Inhalation is very unlikely due to large particle size, low vapour pressure and high hydrophilic properties of the substance. Based on these and other physicochemical properties, the inhalation route is not appropriate; the oral and dermal route of administration are therefore applied as first and second relevant routes (ECHA R7a Guidance p 342). Additional inhalation testing would therefore neither lead to a better risk assessment, nor improve the safety of applications. On the basis of the argumentation summarized above an acute inhalation toxicity study is waived.

Conclusion

- The substance is considered of low toxic potential based on the most detrimental study, indicating an LD50 between 580 and 1400 mg/kg bw. For the LD50value, 580 mg/kg was used as worst case value.

- There is no hazard for acute dermal toxicity, based on read across substances showing LD50values >2000 mg/kg bw.

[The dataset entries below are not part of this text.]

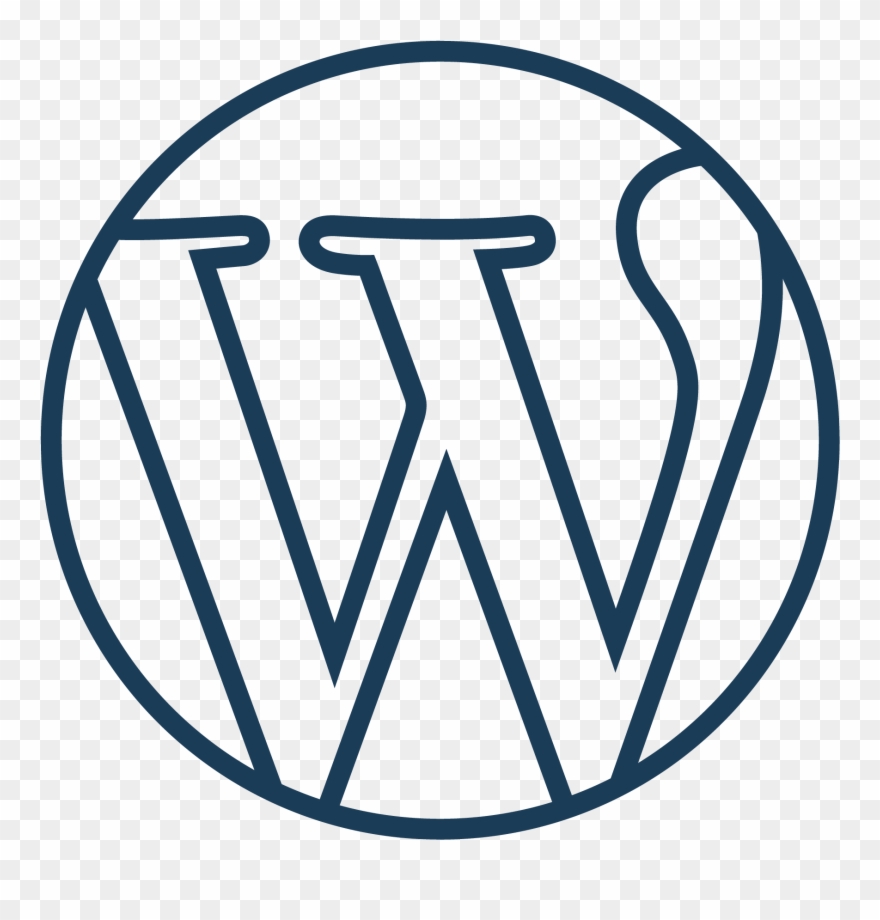 There Are Many Advantages To Using Wordpress As Your - Icon Wordpress Png Clipart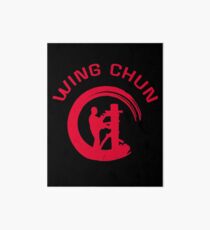 Wing Chun Kung Fu With Enso Circle Art Board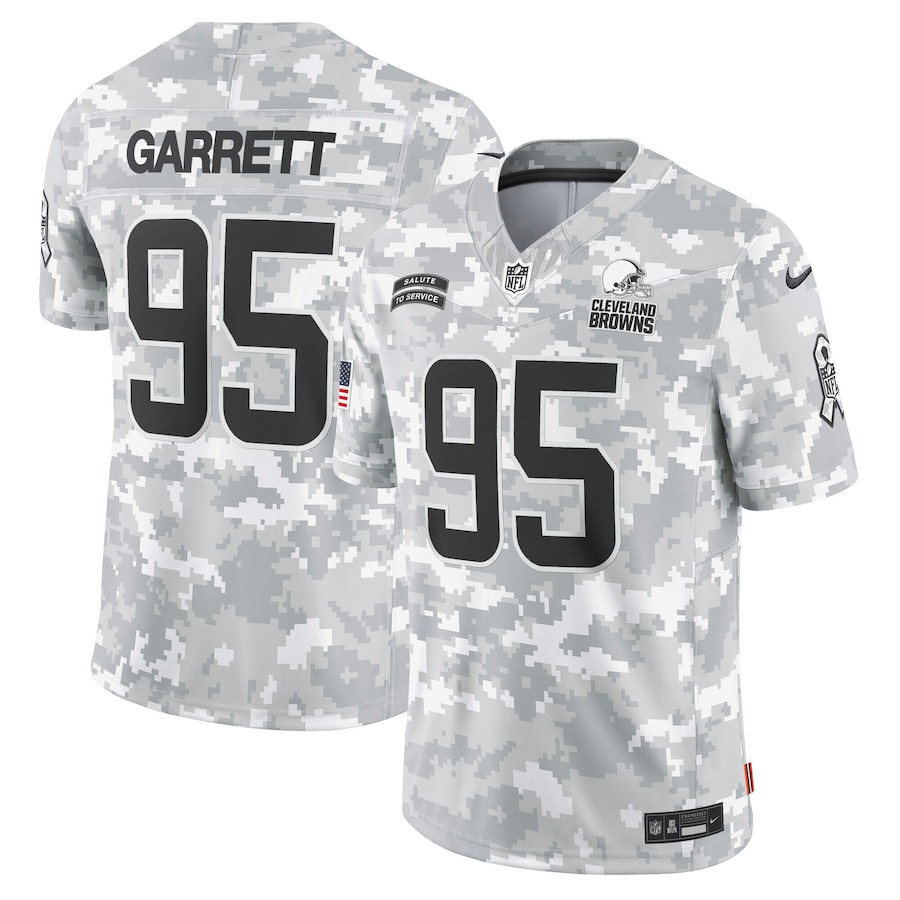 Myles Garrett #95 Cleveland Browns Salute To Service Limited Jersey - Men's | Arctic Camo
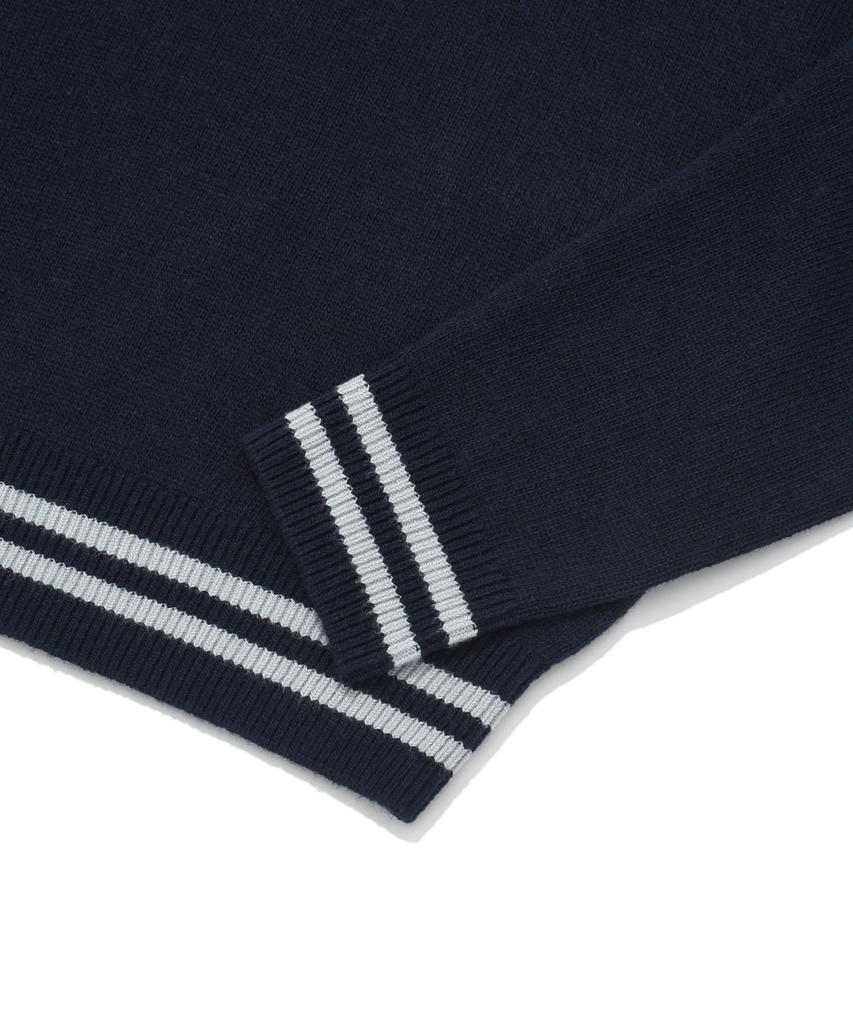 COVERNAT Big C Logo Crewneck Knit Dark Navy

- Inhalation toxicity testing was waived based upon the fact that acute inhalation exposure as such is very unlikely.

 


Justification for selection of acute toxicity – oral endpoint
Key study

Justification for selection of acute toxicity – dermal endpoint
Key study

Justification for classification or non-classification

Base upon read across data, the test substance is classified as HARMFUL and the symbol 'Xn' and risk phrase R 22 'HARMFUL IF SWALLOWED' are required according the EU labelling regulations Commision directive 93/21/EEC. According to CLP regulation (No. 1272/2008 of 16 December 2008), Category 4 classification is proposed for acute oral toxicity with signal word 'WARNING'.

Based on the read across data and according to the EC Directive (No.93/21/EEC) and CLP (No. 1272/2008 of 16 December 2008), the test substance does not have to be classified and has no obligatory labelling requirement for dermal toxicity.